Le printemps-gazouilli, le printemps-croassement arrive. Je suis à la campagne, je renifle à nouveau, je regarde comme toujours, j’écoute à tue-tête. Comme la première fois. Le motif principal qui nous a décidé de choisir cette maison-là, il y a de longues années de cela, dans une magnifique campagne dont la France a le secret, si humaine, si équilibrée, si moyenne, était la vue. Un pré descend doucement jusqu’à un bouquet d’arbres où se cache un ruisseau, puis le regard monte vers une petite forêt, ensuite vers un autre pré, et enfin vers le ciel, immense, infini d’évidence. Je ne savais pas encore que j’allais devenir l’interlocuteur privilégié des grenouilles.

Ayant réglé les paperasses administratives, nous nous tenions un matin, le premier matin, enfin, face à ce paysage. Le hasard voulut que le paysan propriétaire du champ jouxtant notre jardin soit présent, en train de labourer. Il nous vit de loin, arrêta son tracteur, s’approcha de nous. Salutations, présentations.

—Mais pourquoi avez-vous acheté cette vieille ferme ? – demanda-t-il, surpris.

—À cause de la vue. Entre autres.

Un silence incrédule, voire sidéré.

—Tiens donc. À cause de la vue ?

Et il leva son regard vers la petite forêt qu’il avait en face de lui depuis des décennies, et avant lui son père et son grand-père et des générations depuis des siècles, comme s’il la voyait pour la première fois. Comme s’il la découvrait.

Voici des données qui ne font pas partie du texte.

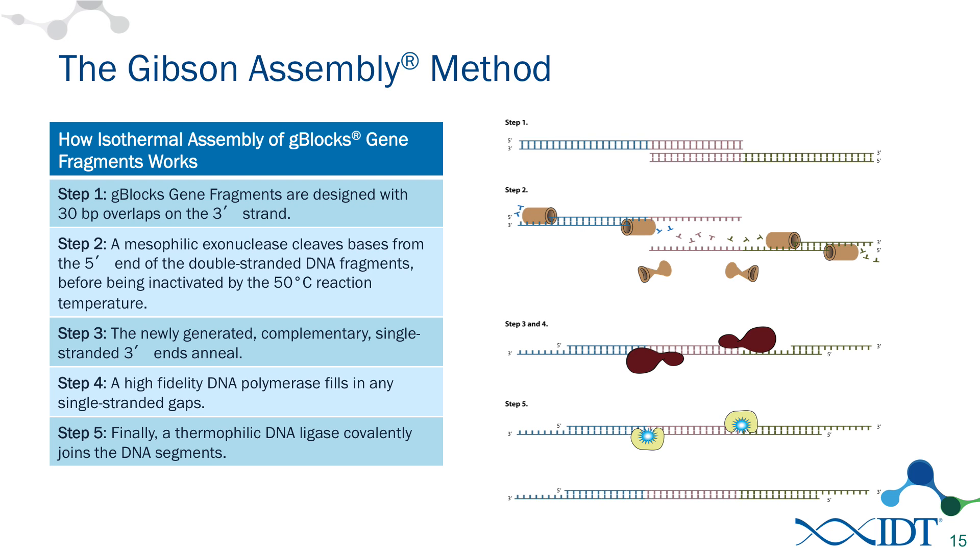In one reaction, these will be assembled into a complete circular product that can go directly into transformation, and you can screen for the correct colonies and move on with your experiment. The master mix is composed of three different enzymes. The first enzyme is a mesophilic enzyme isolated from E. coli — a nuclease that chews back in the 5' to 3' direction. The other two enzymes are thermophilic polymerases. This reaction takes place at an elevated temperature of 50 degrees Celsius, which means the mesophilic enzyme is only active for a short period of time before it denatures. The activity is long enough, however, that it can create single-stranded fragments in these overlapping ends. These regions of homology, now being single-stranded, can hybridize together, then the polymerase can extend and fill in any gaps, and the ligase can create a covalently bonded molecule.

Ce qui était peut-être le cas. Son paysage était désormais aussi le nôtre. Mais si le paysage était le même, les yeux n’étaient pas les mêmes.

*

Après un long voyage, nous revenons chez nous, en France pour fêter le printemps. I love France in the springtime. Il est assis à côté de moi dans l’avion. J’ai tout mon temps pour l’observer : nous allons voler, vivre ensemble douze heures. Une calotte sur la tête, barbu, il lit, il prie. Au repas, il refuse la viande. — Vous auriez dû le signaler lors de l’achat de votre billet. On vous aurait servi de la nourriture spéciale. Nous en avons l’habitude, vous savez.— C’est l’hôtesse qui parle. Un moment donné, il ouvre son ordinateur et regarde un film sans devoir le chercher, puisqu’il était déjà sur son écran. Un film de guerre comme je n’en ai jamais vu, on tire, on hurle, on court, on se planque… Le sang gicle, on ouvre des ventres, on décapite, des détails, des gros plans, d’une violence ultra, inouïe.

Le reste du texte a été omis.